Three Jewish candidates are leading a challenge to Conservative rule in Bury in May's local elections after defecting to the UK Independence Party, claiming Tory intransigence on Jewish issues.
Former Tory Councillor Peter Redstone said anger had been rising within the largest Jewish community in Greater Manchester for some time. He has now become the chair of Bury's UKIP party and is leading another Tory defecting member, Raymond Solomon, and his son Andrew Redstone, as part of an eight-candidate UKIP team to take on the Tories on May 5.
Mr Redstone, a Conservative councillor from 2004 until 2010 in Whitefield and once the council's finance chief, said he had a list of grievances and Conservative "broken promises" and felt after many years he was no longer able to be a member of the party. He said Bury Council had agreed to stop weekly domestic waste collections, breaking a manifesto pledge in previous years, which had concerned large Jewish families over health issues.
Last year councillors were accused of ignoring community outrage when dozens of Nazi impersonators, including one dressed as Nazi war-criminal Hermann Goering, took part in a public event in Bury. Mr Redstone also cited failure to offer culturally sensitive services to the Charedi community, now the norm in Salford.
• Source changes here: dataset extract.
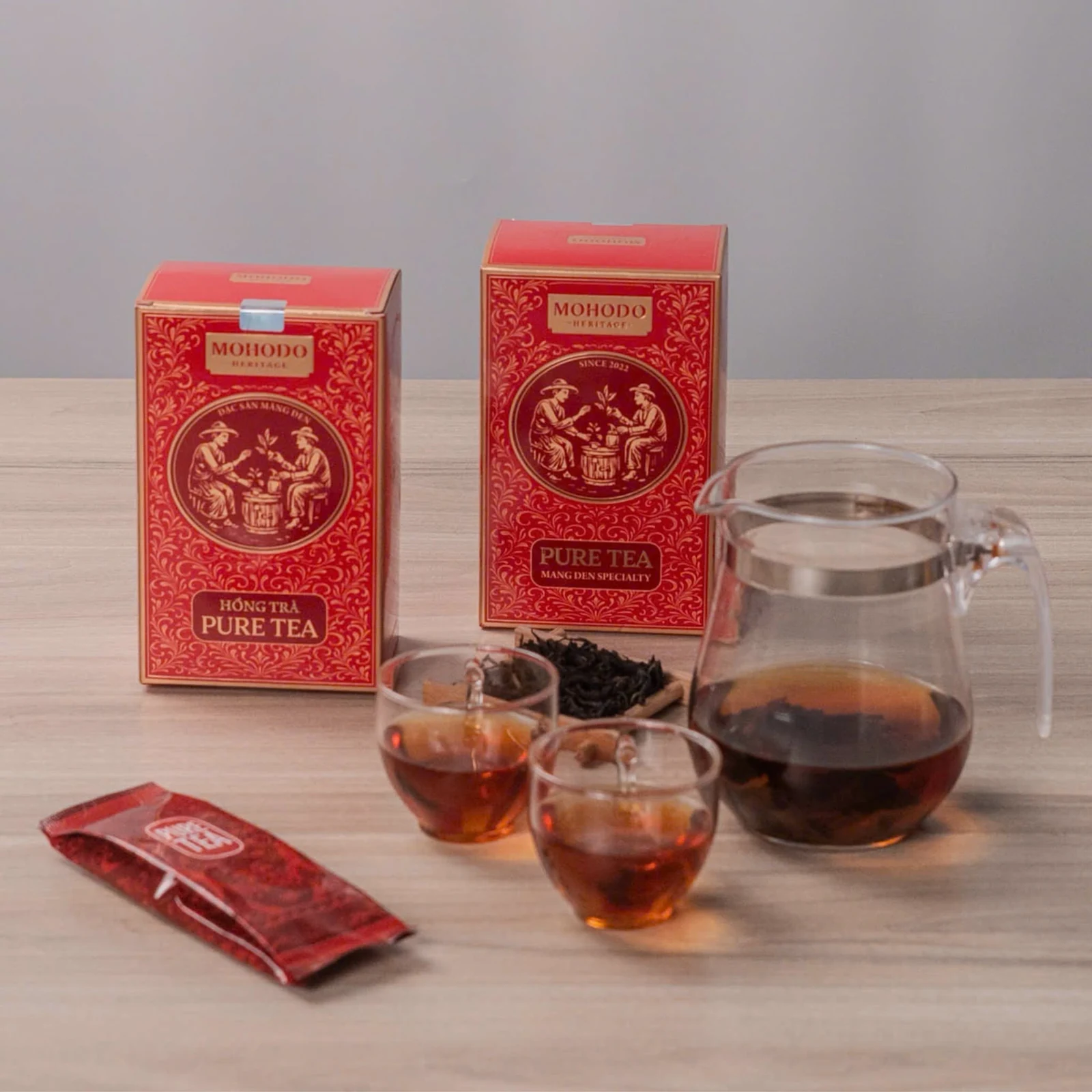 Hai hộp đỏ MOHODO Pure Tea cạnh gói trà, bình và cốc trong ảnh nguồn.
Speaking before Bury Council's abrupt change of heart over flying Israel's flag at the town hall on Israel Independence Day (see page 2), although it was prepared to continue allowing Pakistanis to celebrate their national day, Mr Redstone said: "When you turn around to your own electorate and say you don't want to upset Pakistanis, but you are upsetting the whole Jewish population in Whitefield and expect them to vote for you, that is probably a bit politically naïve."
But local Conservative leader Bob Bibby said the claim was "offensive" and added: "Peter Redstone changes his party as much as he changes his underpants.
"Under my leadership Whitefield will have an eruv. It was me who told the planning department to take that seriously, and no other [Manchester] council has done that.
"Any new policy on the flag will be applied uniformly... I've been in good faith with the Jewish fraternity since I've been leader. The idea that I am against the Jewish faith is a silly nonsense," he said.